London is my favorite non-U.S. city, a place where I’ve made good friends and witnessed a lot of great art. It is also a site central to the tangled tale of colonialism and is still rife with symbols of the British Empire. It was the first place I visited where I really felt like an American in my ambition and entitlement. Paris has treated me with both love and anger. I’ve stayed in posh hotels with lovers and nearly gotten beat by a multi-cultural posse of homeboys. To me the City of Light is a glorious museum with an undertone of anger just beneath its elegant surface. Los Angeles is a where I’ve lived out Hollywood dreams, contemplated selling my soul and then ran back home, because of the town’s anxious desperation and poolside pretension. I’ve had good times in Tinseltown but there’s an air of dissatisfaction (with status, income and power) that’s on the menu of every Beverly Hills bistro.
I didn’t write ‘Defying the Linear.’ It was penned and recorded by Akure Wall, who is now a nurse practitioner, but was bold enough to record her spoken word pieces. I was so impressed with this one that I made video. I shot this largely at the now shuttered Standard West Hollywood when she was pregnant with her daughter Soa (who just recently attended Columbia University!)

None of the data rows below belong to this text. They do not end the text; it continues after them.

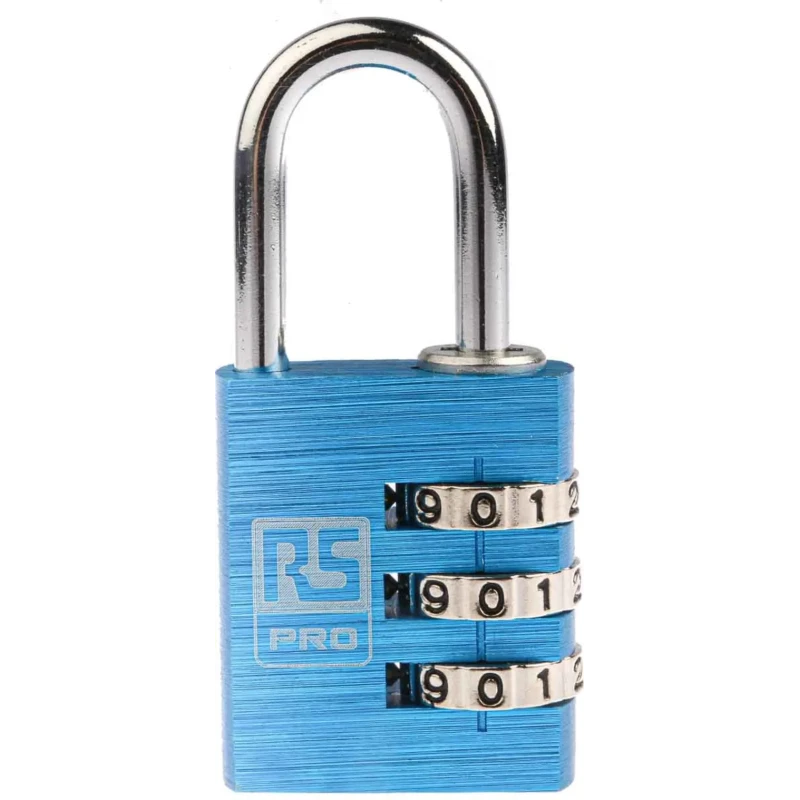 RS PRO Aluminium Combination Padlock with 5 mm Shackle, 3 mm Body, Model 781-6048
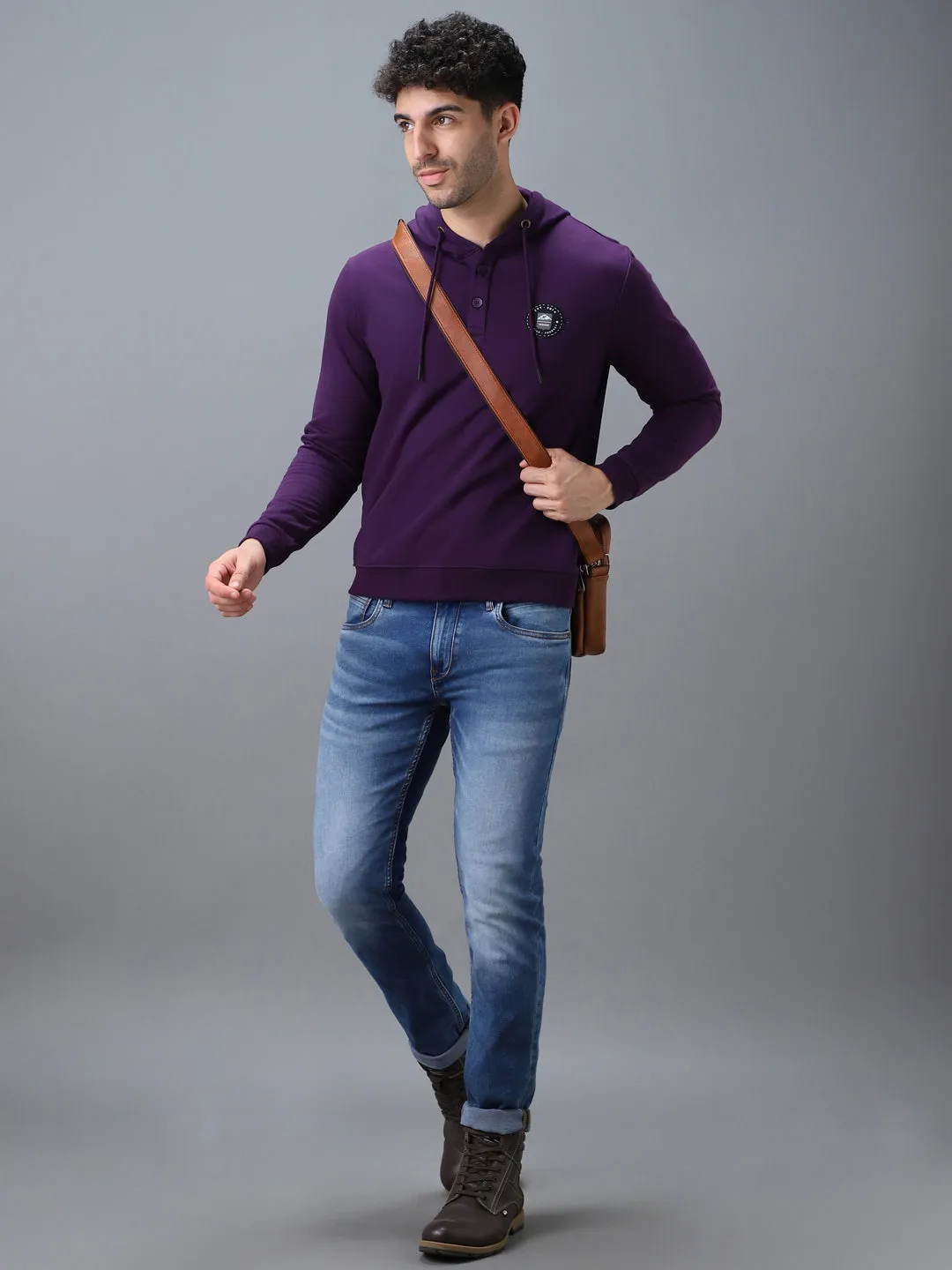 Men's Purple Cotton Solid Button Hooded Neck Sweatshirt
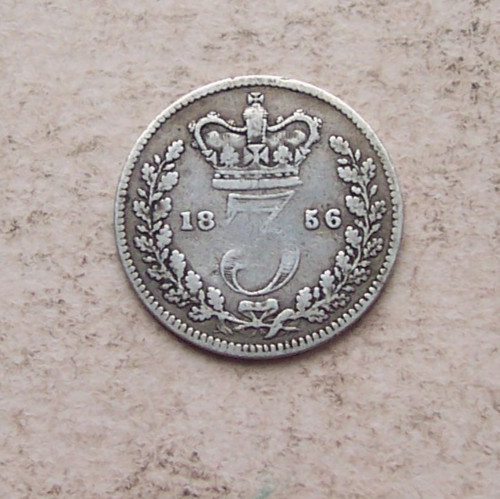 1856 silver threepence - , 3d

Thanks to Henry Adebonojo, Belinda Becker, Tamara Taylor, Zofia Moreno, and my nieces Amber and Jade for appearing in these no budget turn of the century exercises. Though they played a few festivals, ultimately these shorts were experiments in visual storytelling that have informed by career as a director. Part film school, part visual art, these videos took me to Europe and then back inside my head and remain, surprisingly, relevant in an era when identity is fluid.